Le sens de l’affaire
Par les interrogations qu’il soulève, par l’incrédulité qu’il provoque, par le mystère qu’il contient, le fait divers s’apparente en outre à un roman policier dont le dévoilement progressif manifesterait « cette dimension littéraire de l’histoire à retrouver, à refaire, [qui] est à l’origine du plaisir herméneutique éprouvé par le lecteur, celui qui est causé par une interprétation du réel qui en lit la trame cachée »[3. ibid]. D’où cette quête précipitée visant à donner un sens à l’affaire. Dès qu’il y a crime, les experts divers et variés foisonnent. Journalistes et écrivains s’attellent à la rude tache de faire parler la nature absconse des faits. Ce phénomène ne se limite pas, il est vrai, aux faits divers stricto sensu. Il concerne tous les personnages publics auxquels des parcelles de vie « hors-norme » confèrent la même force d’attraction. Les experts autoproclamés tentent alors de pénétrer l’esprit du personnage en s’y confondant.
Grandeur et misère de l’exploration littéraire
Cette méthode d’investigation peut se révéler fertile quand des écrivains réussissent leur « emprunt direct à la réalité »[4. François Mauriac, Le Romancier et ses personnages, 1933]. Une réalité qu’ils ne modifient pas à des fins de fiction mais dont ils entreprennent l’examen méthodique en usant de procédés littéraires..

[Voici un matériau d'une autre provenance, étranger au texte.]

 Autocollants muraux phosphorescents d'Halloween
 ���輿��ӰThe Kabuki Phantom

Tel est l’objectif du réquisitoire de Percy Kemp qui a imaginé, dans Le Monde, « ce qu’aurait dit, à son procès, le chef d’Al-Qaida s’il avait été jugé (…) : une attaque en règle contre les États-Unis, qui l’ont fabriqué puis lâché »[5. « Ben Laden : J’accuse », Percy Kemp, Le Monde, 9 mai 2011]. Quelques jours plus tard, Tahar Ben Jelloun s’emparait d’un autre personnage, ou plutôt de sa « boite crânienne », en prétendant entrer « dans la tête de Khadafi »[6. Tahar Ben Jelloun, « Dans la tête de Kadhafi », Le Monde, 15-16 mai 2011], essayant, à grands jets d’ironie mordante, de restituer le cynisme et la perte de réalité du personnage.
En revanche, lorsque ces explorations se réduisent à une projection superficielle, l’enfilage de perles psychologiques se met au service du frisson, de ce point de vue, l’enquête menée « dans la tête de Xavier Dupont de Ligonnès »[7. « Dans la tête de Xavier Dupont de Ligonnès », Doan Bui, Le Nouvel Observateur, 5 mai 2011, numéro 2426] est un modèle de ratage.

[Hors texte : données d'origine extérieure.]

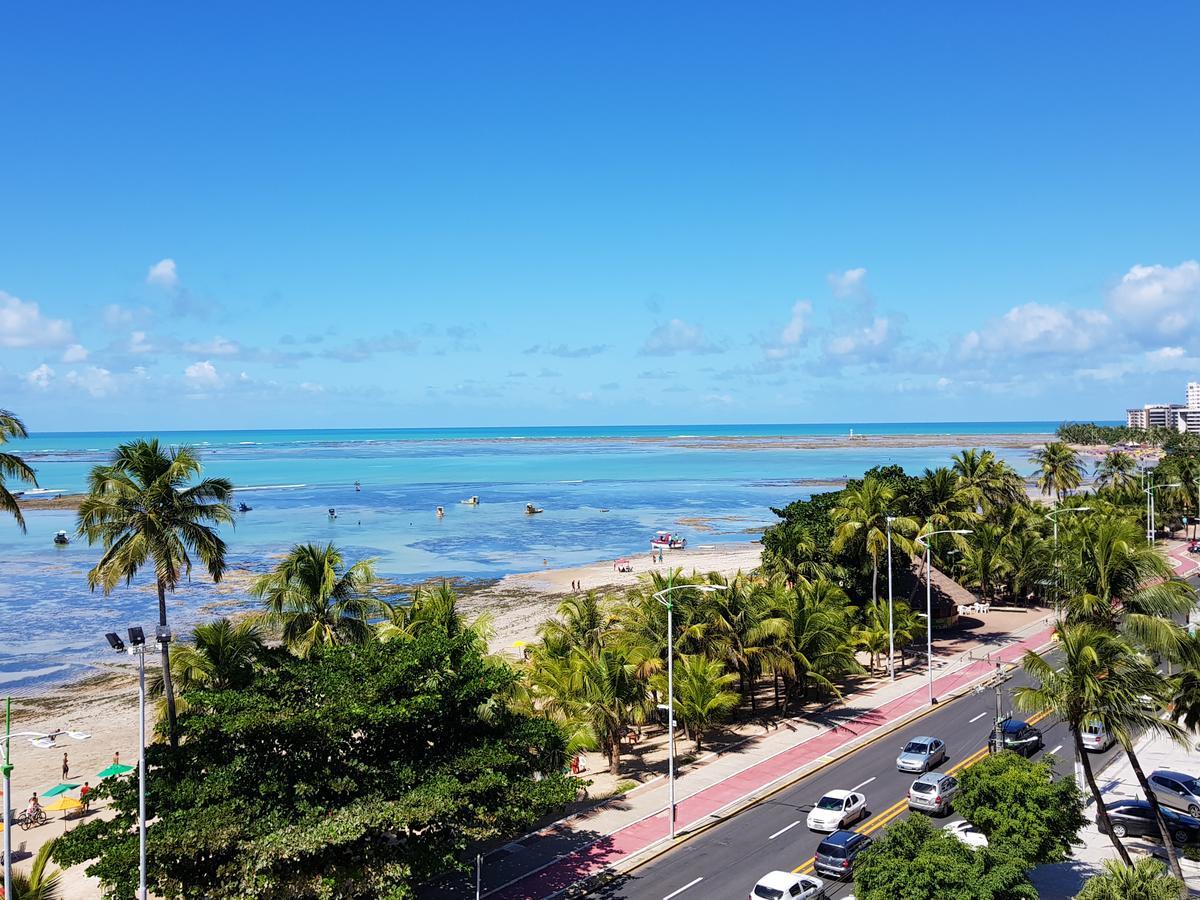 Apartmán Apart Cote D'Azur Maceio Exteriér fotografie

Les générations futures se souviendront-elles des colis piégés d’Unabomber ou de son manifeste ? Si rien ne garantit que le second soit toujours lu, le souvenir des premiers s’effacera inévitablement. Quid de l’affaire Richard Durn et de son journal intime? Des lettres et des mails de Dupont de Ligonnès ? Ces assassins des années 2000 auront-ils droit à leur film éponyme, à leur page Facebook ou à leur fan club virtuel ?

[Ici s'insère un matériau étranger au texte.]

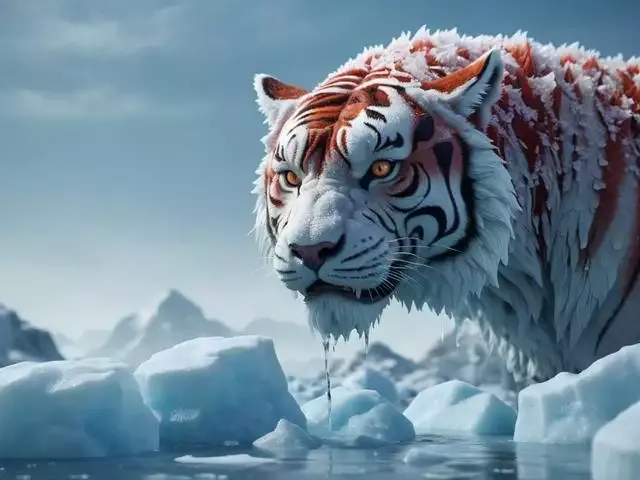 2010年，庚寅虎年的五行与生肖命运插图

Il faut se résigner à ce que les discours suscités par le fait divers, « ne forment ni une œuvre ni un texte, mais une lutte singulière, un affrontement, un rapport de pouvoir, une bataille de discours et à travers des discours »[8. Michel Foucault, op.cit]. L’enjeu de cette lutte, c’est le sens forcément opaque dont la pénétration serait le domaine réservé de nos nouveaux chamanes.